Lo de la represión y tal, la parte estúpida de la dictadura y la menos convincente de la religión. La censura sexual, que todos quisieron volar antes que la censura política. La prueba irrefutable es que así fue. Ágata Lys llevaba muchas películas a sus espaldas sin poder abrirse francamente a nuestra mirada cuando la censura al fin cedió, sin democracia.
El generoso encanto de las actrices del destape la precipitó. O sea, que el verdadero agente democratizador fue el embelesamiento compartido, la excitación en salas llenas de espectadores donde no se jadeaba por no derribar las reglas últimas del decoro. Aunque se habría jadeado, ya te digo.
Han tenido que pasar cuarenta y tantos años para que lo entienda: no había solución de continuidad entre la sala oscura y las ansias de cambio de régimen. Tenía los dos mundos separados siendo el mismo. De hecho estaban pegados. A Victoria Abril, a la Cantudo y a Ágata Lys las veneré en el Tívoli o en el Novedades, en el mismo tramo de la calle Caspe donde, además, tenía el colegio, los jesuitas. Por la tarde salía de la clase de primero o segundo de BUP, donde ya no llevábamos bata, y en vez de irme a casa a hacer los deberes, me metía en el cine sin la edad, a producir endorfinas y vete a saber qué más. Al salir, creyendo que cambiaba de realidad, bajaba por Paseo de Gracia a ver si se liaba en Canaletas con los grises. A armar bulla, mi contribución quinceañera a la democracia española.
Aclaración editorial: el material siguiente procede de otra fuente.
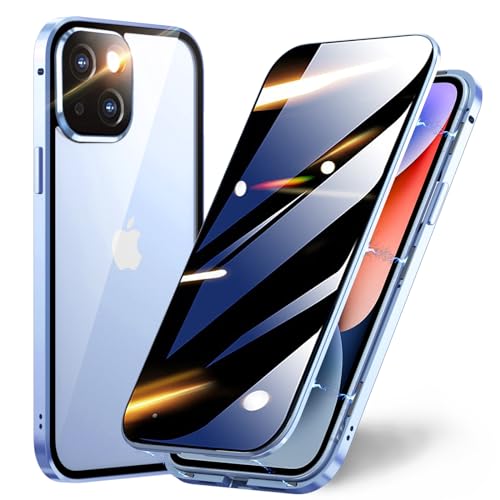 TOPF&B Schutzhülle für iPhone 15 Plus, magnetische Abdeckung, integrierter Sichtschutz und Kameraschutz, 360-Grad-Vollabdeckung, Metall-Stoßfängerhülle für iPhone 15 Plus, Blau TOPF&B Schutzhülle für iPhone 15 Plus, magnetische Abdeckung, integrierter Sichtschutz und Kameraschutz, 360-Grad-Vollabdeckung, Metall-Stoßfängerhülle für iPhone 15 Plus, Blau von TOPF&B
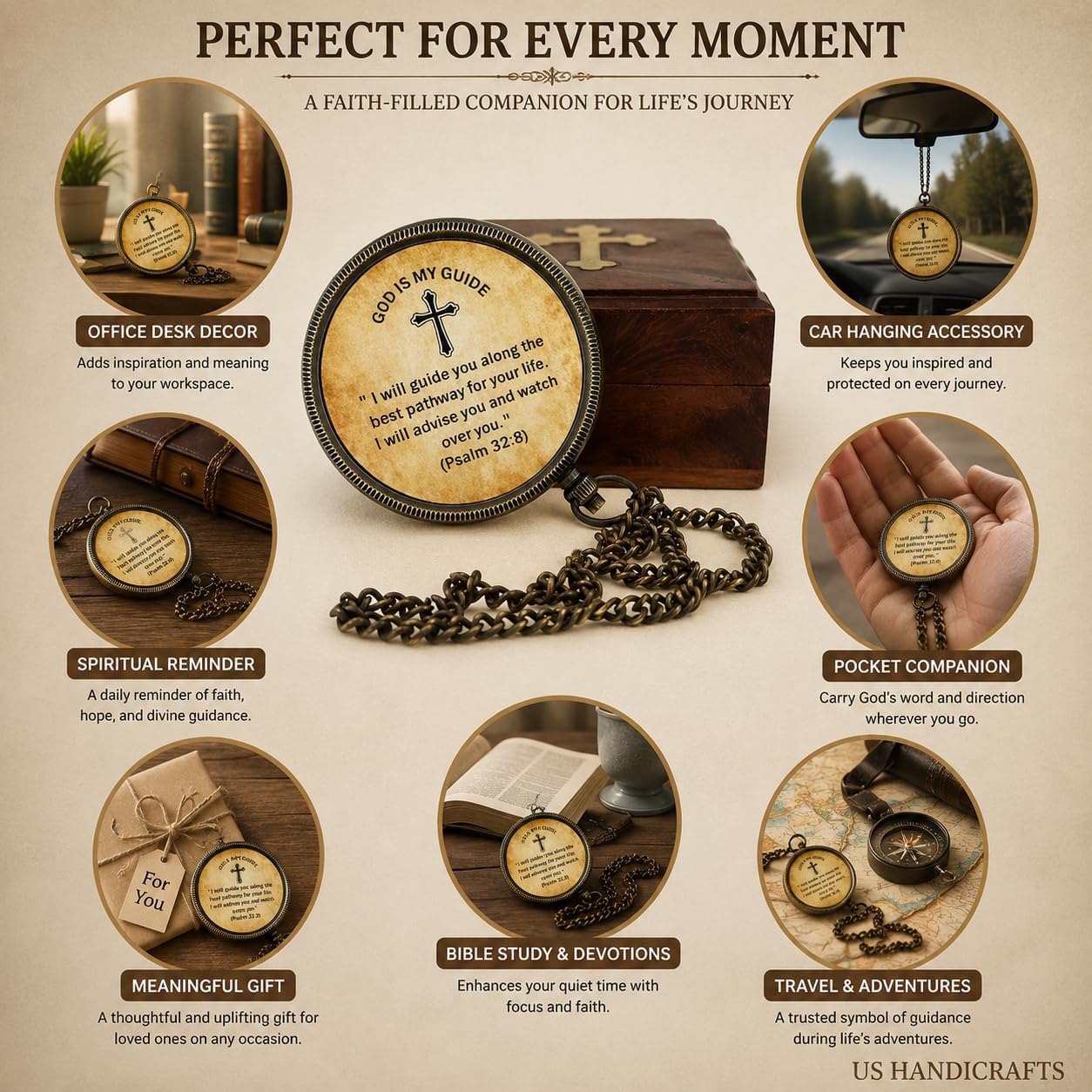 Handmade Brass Antique Compass with Wooden Case – Vintage Finish Functional Pocket Navigation Tool for Travel, Hiking & Gift (#5 - I Will Guide You - Antique Locket Compass) image 4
Pero no había salto. Eran las mismas ganas las del desnudo y las de echar a Arias Navarro. Un mismo impulso nos hacía levitar con ellas y gritar contra ellos, siendo ellas las diosas paganas de nuestra transición de costumbres y ellos los pobres trabajadores uniformados que, a su pesar, encarnaban el pasado, el lastre intolerable, la prolongación colectiva de la minoría de edad. Los jóvenes ahora quieren censura. Pero los de aquellas manis (no manifas) éramos más jóvenes que este enjambre obediente disfrazado de revolución que solo conoce la lucha virtual. Éramos libres, valientes y pocos. La oposición callejera en Barcelona, hasta que fue seguro echarse a la calle, fuimos quinientos chavales. Bah, yo a quien añoro es a Ágata Lys, no a Ramón Tamames. Y perdona, Ramón, ya me entiendes.